Compared to the regular HBAO approach, the efficiency gains allow using the effect on full-resolution, improving the image quality.

MSAA support:

The effect is run on a per-sample level N times (N matching the MSAA level).
For each pass glSampleMask( 1 << sample); is used to update only the relevant samples in the target framebuffer.

Blur:

A cross-bilteral blur is used to eliminate the typical dithering artifacts. It makes use of the depth buffer to avoid smoothing over geometric discontinuities.

sample screenshot

Performance

The cache-aware technique pays off on larger AO radii or higher resolutions (full HD).

Timings in microseconds via GL timer query taken on a Quadro M6000, no MSAA, 1080p (sample default is 720p, which may give less difference between the two).

Classic

Timer ssao;            GL    2434;
 Timer linearize;      GL      54;
 Timer ssaocalc;       GL    2177;
 Timer ssaoblur;       GL     198;

Cache-Aware

Timer ssao;            GL    1264;        
 Timer linearize;      GL      55;
 Timer viewnormal;     GL      76;
 Timer deinterleave;   GL      93;
 Timer ssaocalc;       GL     762;
 Timer reinterleave;   GL     100;
 Timer ssaoblur;       GL     167;

Sample Highlights

The user can change MSAA settings, blur settings and other parameters.

Key functionality is found in

Sample::drawHbaoClassic()
Sample::drawHbaoCacheAware()

As well as in helper functions

Sample::drawLinearDepth()
Sample::drawHbaoBlur()

The sample contains alternate codepaths for two additional optimizations, which are enabled by default.

USE_AO_SPECIALBLUR: Depth is stored with the ssao calculation, so that the blur can use a single instead of two texture fetches, which improves performance.
USE_AO_LAYERED_SINGLEPASS: In the cache-aware technique we update the layers of the ssao calculation all at once using image stores and attachment-les fbo or a geometry shader with layers, instead of rendering to each layer individually.

Building

Ideally, clone this and other interesting nvpro-samples repositories into a common subdirectory.
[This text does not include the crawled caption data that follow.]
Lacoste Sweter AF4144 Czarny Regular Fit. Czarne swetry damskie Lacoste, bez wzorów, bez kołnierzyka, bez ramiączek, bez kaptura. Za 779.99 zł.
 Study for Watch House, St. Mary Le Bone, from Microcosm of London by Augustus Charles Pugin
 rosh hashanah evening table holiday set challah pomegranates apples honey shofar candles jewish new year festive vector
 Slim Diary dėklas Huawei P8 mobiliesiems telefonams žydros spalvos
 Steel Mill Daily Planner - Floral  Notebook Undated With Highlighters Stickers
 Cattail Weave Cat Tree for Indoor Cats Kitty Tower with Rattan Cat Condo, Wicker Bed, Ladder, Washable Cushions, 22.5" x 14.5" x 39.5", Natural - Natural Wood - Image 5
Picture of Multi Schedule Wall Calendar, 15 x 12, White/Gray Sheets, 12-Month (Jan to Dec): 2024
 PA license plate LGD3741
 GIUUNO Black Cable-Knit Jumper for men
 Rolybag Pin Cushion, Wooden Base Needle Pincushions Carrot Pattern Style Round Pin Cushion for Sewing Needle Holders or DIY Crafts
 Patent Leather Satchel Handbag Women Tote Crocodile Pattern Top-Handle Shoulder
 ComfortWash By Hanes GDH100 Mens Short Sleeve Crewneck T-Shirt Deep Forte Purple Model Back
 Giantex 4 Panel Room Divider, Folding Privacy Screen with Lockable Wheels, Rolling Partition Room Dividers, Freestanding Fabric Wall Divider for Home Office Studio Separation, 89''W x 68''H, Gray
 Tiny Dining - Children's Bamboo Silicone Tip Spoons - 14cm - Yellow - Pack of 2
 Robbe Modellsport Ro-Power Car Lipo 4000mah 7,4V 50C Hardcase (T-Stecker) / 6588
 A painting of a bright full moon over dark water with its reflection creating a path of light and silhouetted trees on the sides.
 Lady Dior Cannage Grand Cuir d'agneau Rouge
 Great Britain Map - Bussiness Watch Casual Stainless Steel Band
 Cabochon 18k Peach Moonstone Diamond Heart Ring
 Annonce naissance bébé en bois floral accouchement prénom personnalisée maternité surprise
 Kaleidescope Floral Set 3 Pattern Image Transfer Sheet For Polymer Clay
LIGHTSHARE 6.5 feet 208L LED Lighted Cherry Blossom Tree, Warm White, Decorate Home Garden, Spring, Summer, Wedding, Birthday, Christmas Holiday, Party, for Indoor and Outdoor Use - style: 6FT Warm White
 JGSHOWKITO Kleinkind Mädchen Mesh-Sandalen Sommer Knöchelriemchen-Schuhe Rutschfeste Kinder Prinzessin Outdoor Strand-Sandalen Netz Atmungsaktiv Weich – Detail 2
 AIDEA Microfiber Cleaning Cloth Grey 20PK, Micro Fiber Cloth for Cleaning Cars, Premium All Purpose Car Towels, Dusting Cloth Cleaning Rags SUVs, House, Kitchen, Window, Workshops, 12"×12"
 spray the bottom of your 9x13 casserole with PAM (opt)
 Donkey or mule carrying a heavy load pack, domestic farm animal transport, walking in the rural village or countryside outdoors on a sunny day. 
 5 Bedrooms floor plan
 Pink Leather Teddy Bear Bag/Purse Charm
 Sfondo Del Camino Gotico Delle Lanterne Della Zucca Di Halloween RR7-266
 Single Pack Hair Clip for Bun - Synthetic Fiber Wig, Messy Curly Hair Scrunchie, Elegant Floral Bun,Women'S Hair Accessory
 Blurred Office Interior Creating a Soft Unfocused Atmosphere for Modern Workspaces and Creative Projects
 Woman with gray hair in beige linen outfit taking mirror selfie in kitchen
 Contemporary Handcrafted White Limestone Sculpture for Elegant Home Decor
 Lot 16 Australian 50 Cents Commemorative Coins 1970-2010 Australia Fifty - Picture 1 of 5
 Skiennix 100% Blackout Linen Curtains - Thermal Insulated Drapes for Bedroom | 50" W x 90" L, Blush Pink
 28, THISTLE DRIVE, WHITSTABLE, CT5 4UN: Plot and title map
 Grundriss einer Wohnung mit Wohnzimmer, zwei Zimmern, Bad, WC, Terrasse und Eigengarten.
You will always need nvpro_core. The nvpro_core is searched either as a subdirectory of the sample, or one directory up.

If you are interested in multiple samples, you can use build_all CMAKE as entry point, it will also give you options to enable/disable individual samples when creating the solutions.

Providing Pull Requests

NVIDIA is happy to review and consider pull requests for merging into the main tree of the nvpro-samples for bug fixes and features. Before providing a pull request to NVIDIA, please note the following:

A pull request provided to this repo by a developer constitutes permission from the developer for NVIDIA to merge the provided changes or any NVIDIA modified version of these changes to the repo. NVIDIA may remove or change the code at any time and in any way deemed appropriate.
Not all pull requests can be or will be accepted. NVIDIA will close pull requests that it does not intend to merge. The modified files and any new files must include the unmodified NVIDIA copyright header seen at the top of all shipping files.